Columns, Opinion

FENG: The health of nations

Consider the following &- you give a homeless person some spare change. What motivated you to do so? Was it so you could sleep well that night, knowing that you did something good during the day? Or was it because you hold firmly onto the ideology that one should always give to the poor? If you answered positively to the former, you’re a very self-centered person. If you answered to the latter, why are you still reading? You should be giving all you have to the poor.

The health care bill has passed through the House of Representatives and this country has taken a huge step forward to ensure the well-being of its citizens. Still, universal health care develops irresolvable philosophical dilemmas which spawn fury amongst opponents and advocates alike.

Economically, the crux of the debate lies within the balance of health care efficiency (patient visits and visit duration may be some of the factors) and health care costs.
Defining what high efficiency is within the context of health care is difficult. From a purely mechanistic view, high efficiency is the comparison of input to useful output; hence, more output for less input would be considered good efficiency.

But such an example applies only to material gains. The practice of a physician yields no immediate material products, as a farmer or a miner would produce. The practice of a physician produces nothing that could afterward be purchased or procured.

Or so says Adam Smith, author of “The Wealth of Nations.” What Smith overlooked was the indirect influences physicians have on society. Granted, physicians do not directly produce the same type of materials for the state as a farmer would.

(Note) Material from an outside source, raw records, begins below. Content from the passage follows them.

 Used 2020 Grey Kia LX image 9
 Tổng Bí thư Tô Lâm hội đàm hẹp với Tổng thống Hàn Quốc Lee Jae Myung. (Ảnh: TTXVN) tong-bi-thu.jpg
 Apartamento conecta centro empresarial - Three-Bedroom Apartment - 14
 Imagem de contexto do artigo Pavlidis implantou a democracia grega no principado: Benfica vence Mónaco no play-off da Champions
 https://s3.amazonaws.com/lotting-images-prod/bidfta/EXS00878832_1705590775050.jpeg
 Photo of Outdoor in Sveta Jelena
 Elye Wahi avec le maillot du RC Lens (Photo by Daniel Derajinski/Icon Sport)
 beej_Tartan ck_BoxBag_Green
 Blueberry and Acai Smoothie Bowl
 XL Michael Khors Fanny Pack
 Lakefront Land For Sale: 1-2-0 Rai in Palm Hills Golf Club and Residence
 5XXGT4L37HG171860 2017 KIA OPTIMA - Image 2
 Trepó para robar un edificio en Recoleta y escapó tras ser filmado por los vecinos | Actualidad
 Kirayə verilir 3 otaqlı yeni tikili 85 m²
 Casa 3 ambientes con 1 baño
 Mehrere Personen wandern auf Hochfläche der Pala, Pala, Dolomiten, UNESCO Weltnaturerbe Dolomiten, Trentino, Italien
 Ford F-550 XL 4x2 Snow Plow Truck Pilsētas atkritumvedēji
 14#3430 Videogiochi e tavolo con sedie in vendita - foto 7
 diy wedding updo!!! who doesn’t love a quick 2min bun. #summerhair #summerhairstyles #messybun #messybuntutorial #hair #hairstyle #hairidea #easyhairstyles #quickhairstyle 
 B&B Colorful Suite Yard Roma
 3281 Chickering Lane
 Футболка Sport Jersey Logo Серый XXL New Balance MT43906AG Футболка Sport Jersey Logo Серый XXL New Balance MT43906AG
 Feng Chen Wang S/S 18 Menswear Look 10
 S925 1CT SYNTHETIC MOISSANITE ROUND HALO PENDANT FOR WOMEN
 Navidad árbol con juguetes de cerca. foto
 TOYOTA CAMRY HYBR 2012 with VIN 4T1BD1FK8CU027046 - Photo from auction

Rather, they indirectly affect the material production, mainly through ensuring the wellbeing and fitness of the nation’s citizens. If one physician ensures the health and fitness of 50 farmers, how much material production can the physician indirectly secure for the state?

Efficient health care, by a revised model of indirect influence, can be seen as expanding a healthier demographic as a result of quick diagnosis, treatment and turnover of patients. Hence, efficiency of health care is limited by the performance of the physician.

Such a performance is dictated by a physician’s available resources. More medical devices, diagnostic techniques and education are examples, but how do we make these resources available? Money.

With a new health care payment policy for patients, restructuring of malpractice lawsuits against doctors and curbing of errors in medical practice, the new bill could potentially pay for itself.